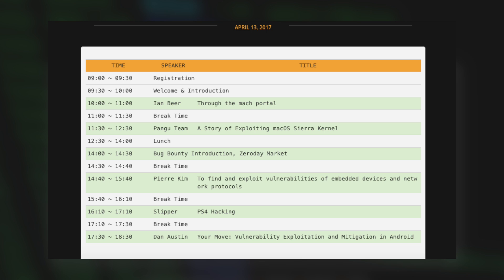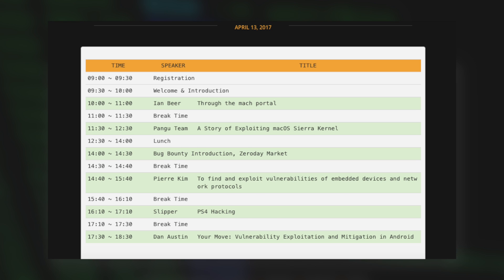There are also other security researchers, hackers, and developers going to be discussing PS4 exploits, which is pretty interesting — though it's not Luca Todesco, he's not going to be at this event. They're also going to be discussing Microsoft, Intel, Android, and more throughout the whole two-day event. So what exactly does this mean for us? The answer is probably nothing.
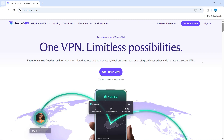There are a number of benefits of ProtonVPN, such as gaining unrestricted access to global content, blocking annoying ads, and safeguarding your privacy with a fast and secure VPN, which is going to hide your location.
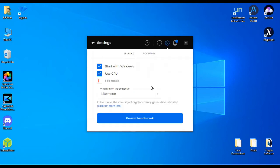But if you go up in here to settings, you can start it with Windows. I don't run it with Windows. We're just using a CPU because we don't have a dedicated graphics card. Otherwise we'd have the option as well.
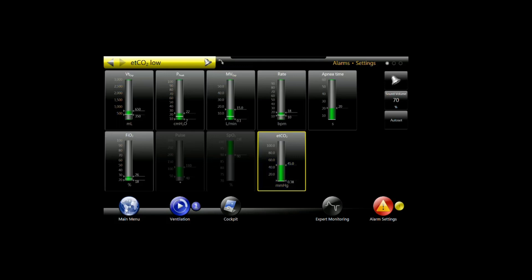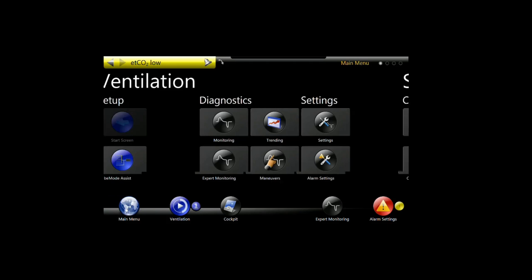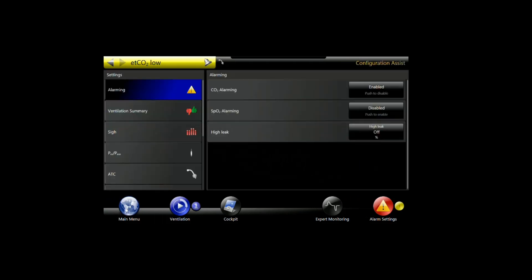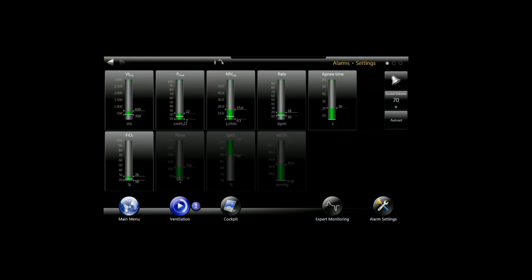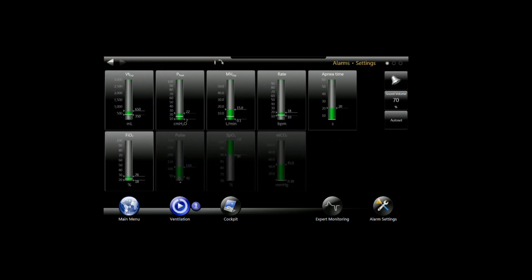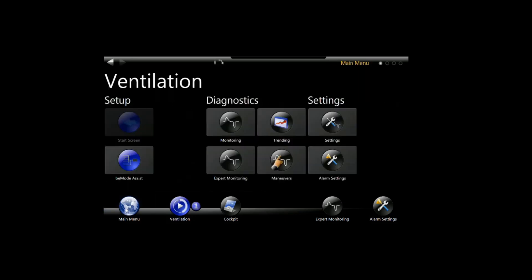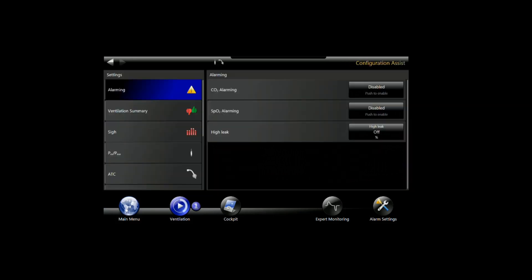If we go back out to the configuration assist screen and go into the alarms and we disable it here, and we jump back over to the alarm settings, you'll see that I can't actually set the alarm here. If you connect a sensor and you get to the alarm page to set an alarm and you notice that it's grayed out like it is on the display now, that means you need to go back out again to the main menu, to the configuration assist page, and actually enable the alarms here.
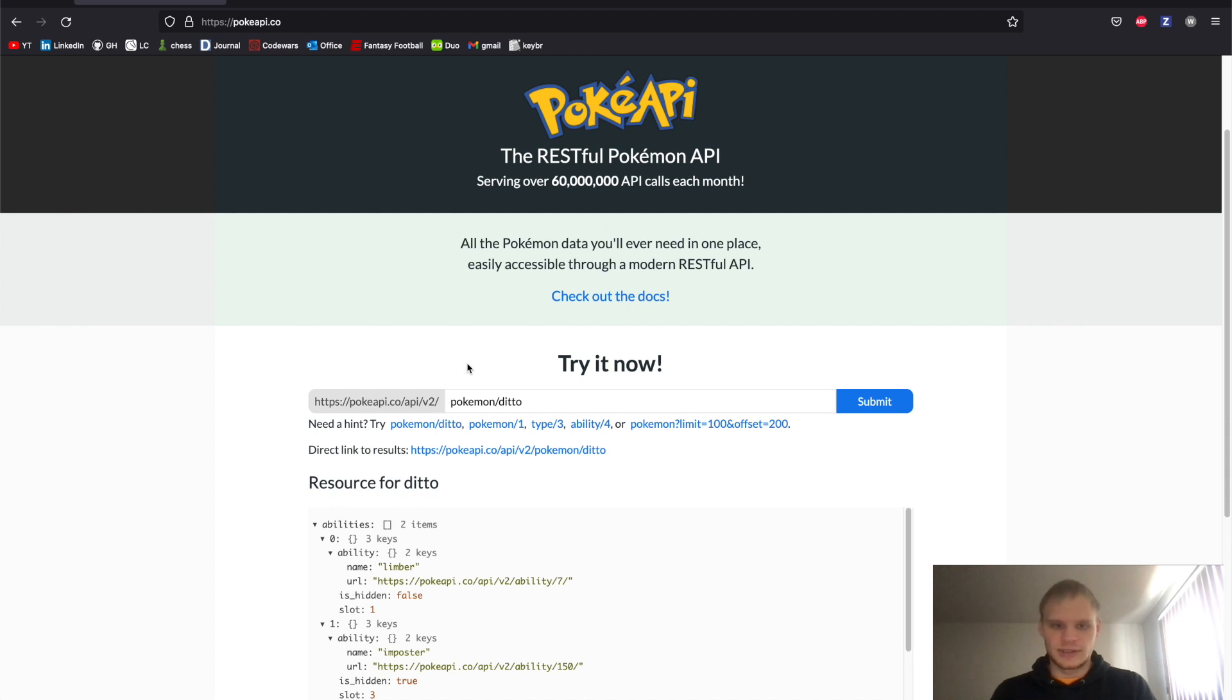Hello, I'm Landon Schlangen, and in this video, we're going to go through how to use API data in Svelte.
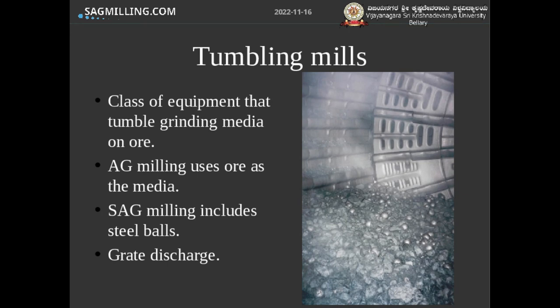Basically, it's using the rocks to break other rocks. A semi-autogenous mill is similar to an AG mill, except that you've added some large steel balls. These balls could be up to as much as 150 millimeters in diameter — effectively, you think of them as cannonballs. These cannonballs will be rotated with the rotation of the mill and will be cast and impacting into the charge, breaking rocks as they go.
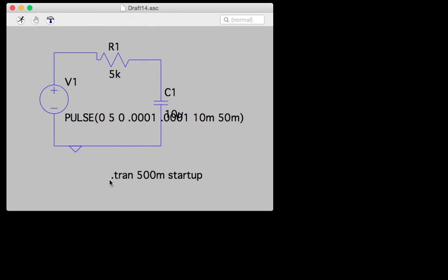Basically, you make a spice directive which is .tran, and then the time over which you want to record the signals, and then I usually say startup, which means it records the signal starting from the very beginning when everything is uncharged and unenergized.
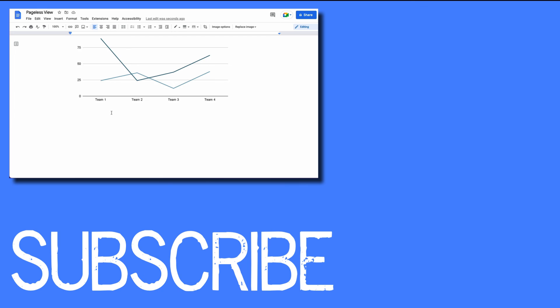If you found this video helpful please click that like button and subscribe to this channel so that you can view more helpful tips in the future. Also please be sure to visit my website at therabbitpad.com.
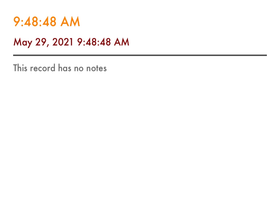Here is the patience of the saints. Here are those who keep the commandments of God and the faith of Jesus. Revelation 14, verse 12.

· · · · ·

> BRIEF
Output the records exactly as they appear, skipping any pictures.

> OUTPUT
There are also other security researchers, hackers, and developers going to be discussing PS4 exploits, which is pretty interesting — though it's not Luca Todesco, he's not going to be at this event. They're also going to be discussing Microsoft, Intel, Android, and more throughout the whole two-day event. So what exactly does this mean for us? The answer is probably nothing.
There are a number of benefits of ProtonVPN, such as gaining unrestricted access to global content, blocking annoying ads, and safeguarding your privacy with a fast and secure VPN, which is going to hide your location.
But if you go up in here to settings, you can start it with Windows. I don't run it with Windows. We're just using a CPU because we don't have a dedicated graphics card. Otherwise we'd have the option as well.
If we go back out to the configuration assist screen and go into the alarms and we disable it here, and we jump back over to the alarm settings, you'll see that I can't actually set the alarm here. If you connect a sensor and you get to the alarm page to set an alarm and you notice that it's grayed out like it is on the display now, that means you need to go back out again to the main menu, to the configuration assist page, and actually enable the alarms here.
Hello, I'm Landon Schlangen, and in this video, we're going to go through how to use API data in Svelte.
Basically, it's using the rocks to break other rocks. A semi-autogenous mill is similar to an AG mill, except that you've added some large steel balls. These balls could be up to as much as 150 millimeters in diameter — effectively, you think of them as cannonballs. These cannonballs will be rotated with the rotation of the mill and will be cast and impacting into the charge, breaking rocks as they go.
Basically, you make a spice directive which is .tran, and then the time over which you want to record the signals, and then I usually say startup, which means it records the signal starting from the very beginning when everything is uncharged and unenergized.
If you found this video helpful please click that like button and subscribe to this channel so that you can view more helpful tips in the future. Also please be sure to visit my website at therabbitpad.com.
Here is the patience of the saints. Here are those who keep the commandments of God and the faith of Jesus. Revelation 14, verse 12.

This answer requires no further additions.